[polly] r238088 - Enable scalar and PHI code generation for Polly

Tobias Grosser tobias at grosser.es
Sat May 23 04:41:22 PDT 2015


On 05/23/2015 05:34 AM, Tobias Grosser wrote:
> Author: grosser
> Date: Fri May 22 22:34:41 2015
> New Revision: 238088
>
> URL: http://llvm.org/viewvc/llvm-project?rev=238088&view=rev
> Log:
> Enable scalar and PHI code generation for Polly
>
> The feature itself has been committed by Johannes in r238070. As this is the
> way forward, we now enable it to ensure we get test coverage.
>
> Thank you Johannes for this nice work!

And here the performance results:

A) clang -O3 -mllvm -polly (before vs. after this commit):

http://llvm.org/perf/db_default/v4/nts/27114?num_comparison_runs=0&test_filter=&test_min_value_filter=&aggregation_fn=median&MW_confidence_lv=0.01&compare_to=27106&submit=Update

B1) clang O3 vs clang -O3 -polly (after the change)

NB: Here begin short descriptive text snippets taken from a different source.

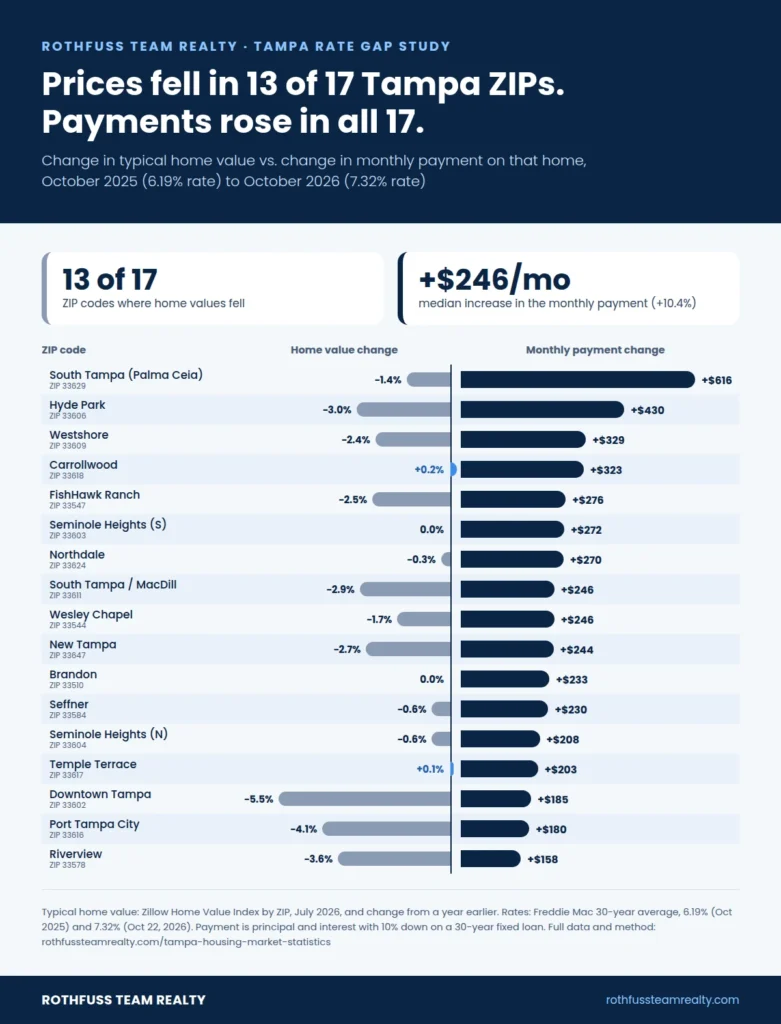 Tampa Prices Fell Payments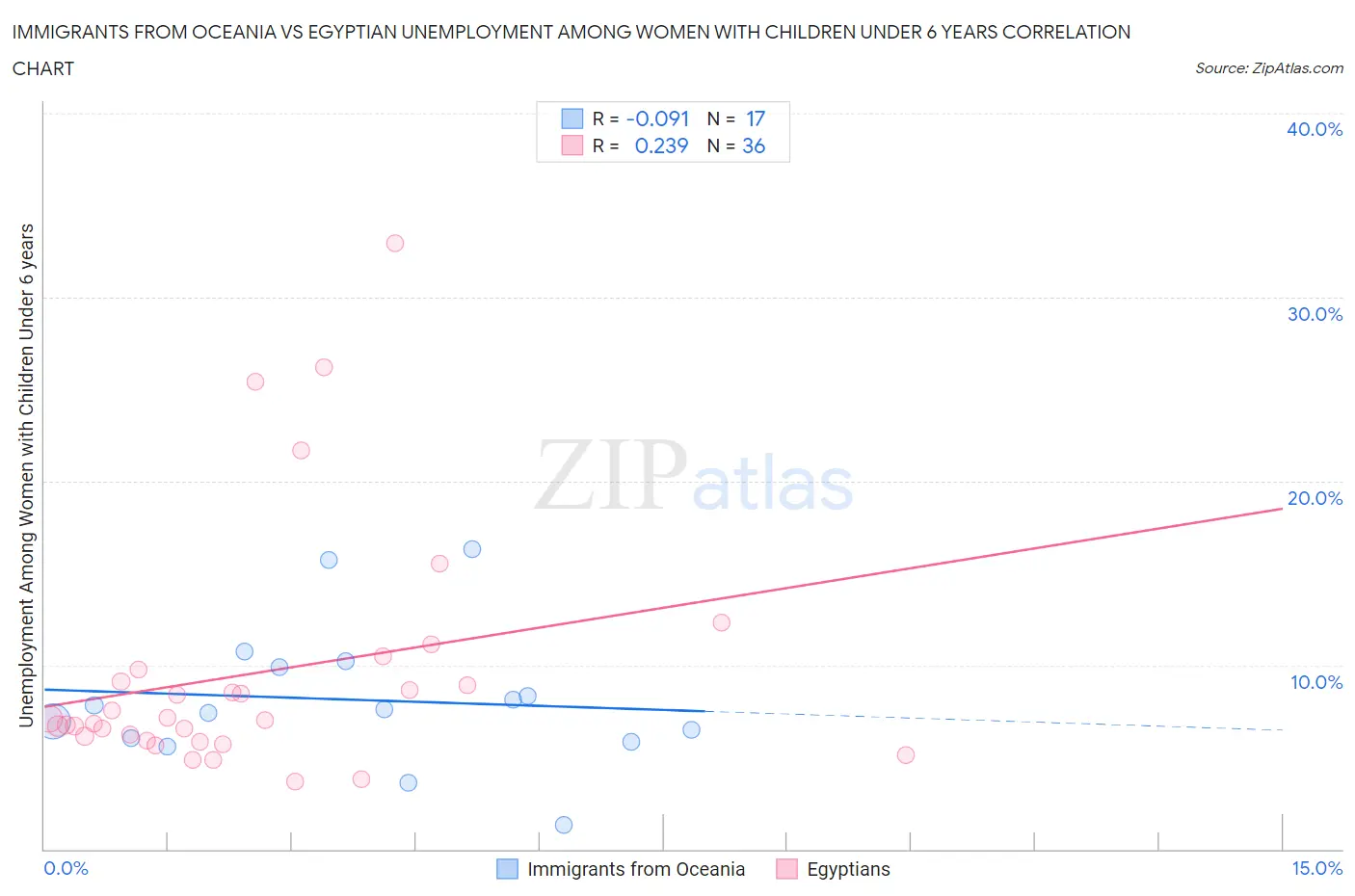 Immigrants from Oceania vs Egyptian Unemployment Among Women with Children Under 6 years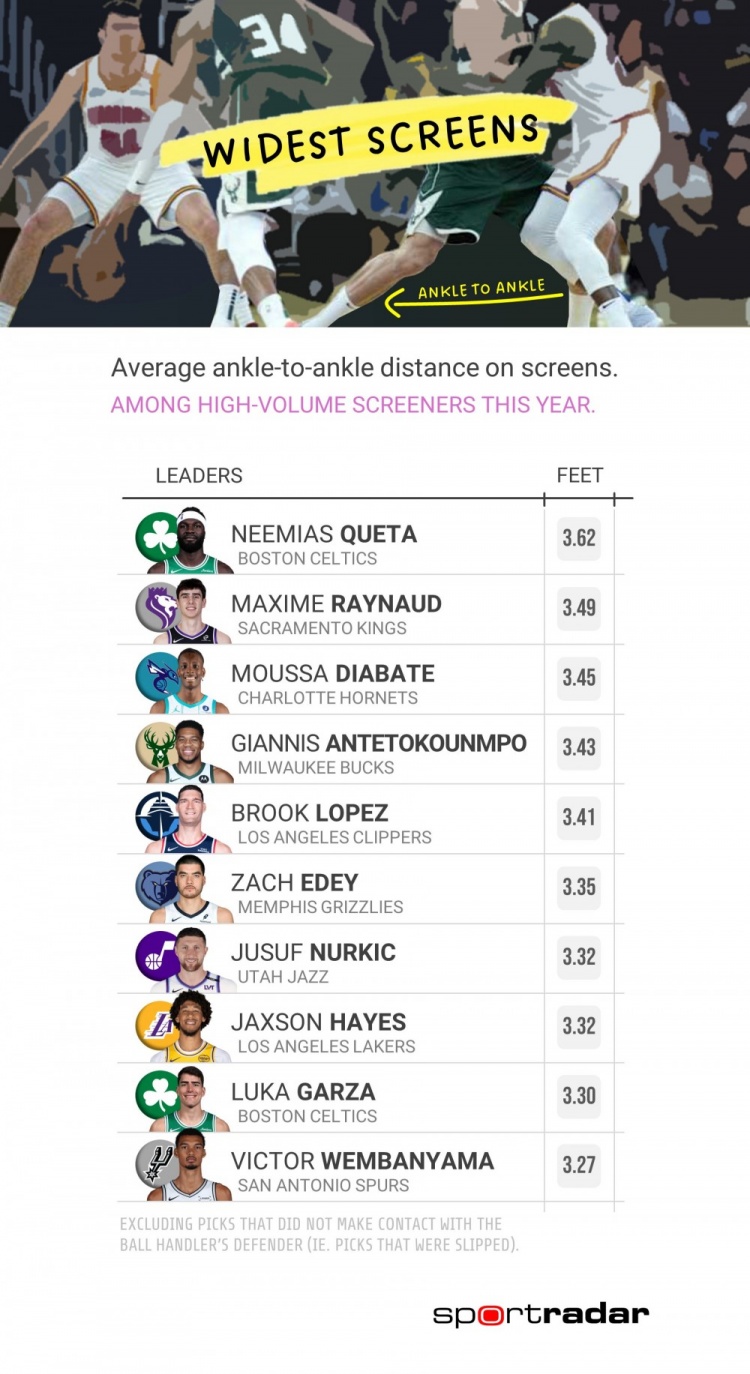 搜狐体育手机版-本季掩护宽度排名：绿军两人进前10 字母哥第4海斯第8文班第10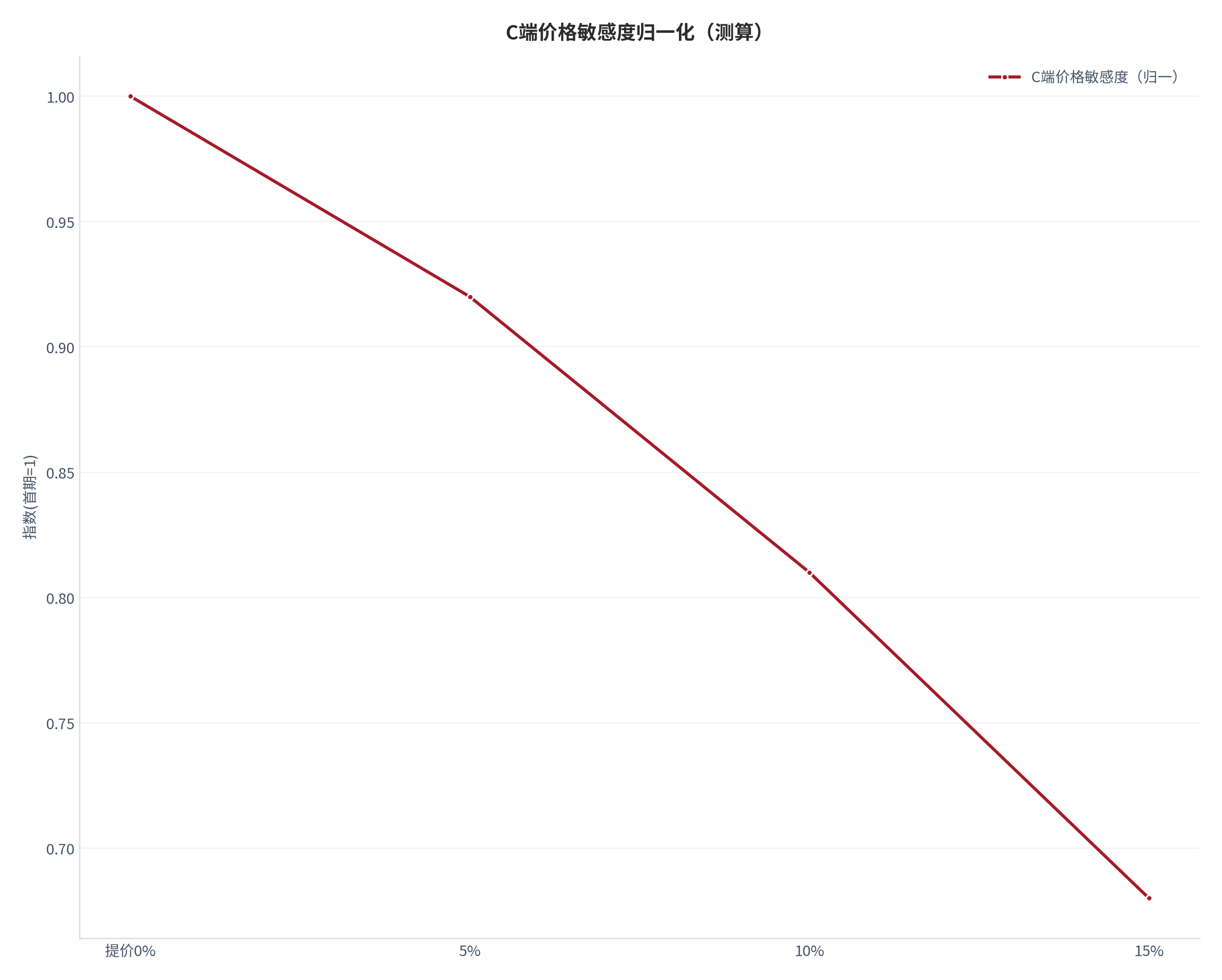 图 15：C端价格敏感度归一化轨迹（测算）。测算口径：以首期为 1，序列 1.00、0.92、0.81、0.68。资料来源：本报告测算 [22]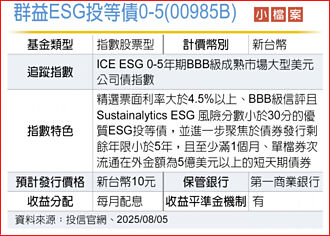擁三高基因 群益00985B 存債新選擇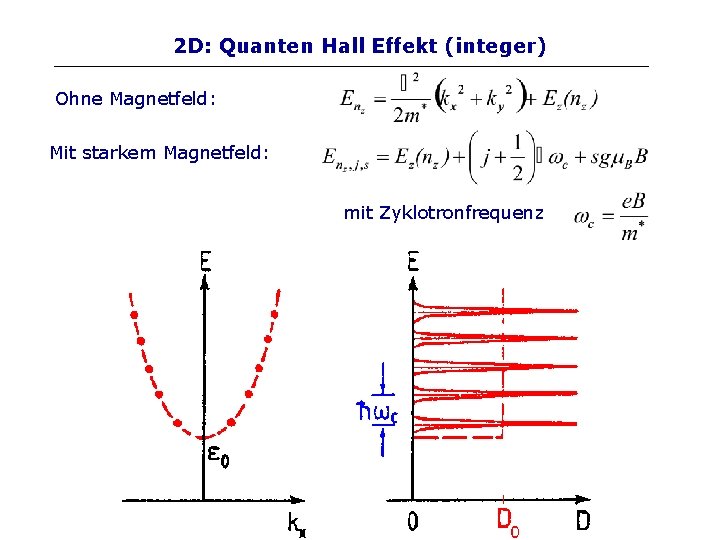 2 D: Quanten Hall Effekt (integer) Ohne Magnetfeld: Mit starkem Magnetfeld: mit Zyklotronfrequenz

http://llvm.org/perf/db_default/v4/nts/27114?num_comparison_runs=0&test_filter=&test_min_value_filter=&aggregation_fn=median&MW_confidence_lv=0.01&compare_to=27113&submit=Update

B2) clang O3 vs clang -O3 -polly (before the change)

http://llvm.org/perf/db_default/v4/nts/27106?num_comparison_runs=0&test_filter=&test_min_value_filter=&aggregation_fn=median&MW_confidence_lv=0.01&compare_to=27113&submit=Update

Chart A shows 114 performance improvements vs just 7 performance 
regressions (mostly compile-time performance) with around 30 test cases
reducing compile time between 10 and 30%. Most of these are short 
running test cases, but with MultiSource/Applications/sgefa/sgefa we 
also have a test case where we save over 500ms.

Comparing chart B1 and B2 we see that number of performance regressions 
compared to clang -O3 is reduced from 254 to just 185. This again mostly 
affects compile time, but also several run-time numbers have been improved.

The run-time performance benefits enabled by Polly are not negatively 
affected.

The primary goals of this change where to make Polly useful as an
analysis as well as to avoid spurious modifications to the code. Seeing 
performance improvements is a nice side-effect, but we should keep our 
eyes open to verify they do not (in-parts) come from a reduced number of 
detected scops.

Overall I am very happy with this change. Thanks Johannes for putting it in!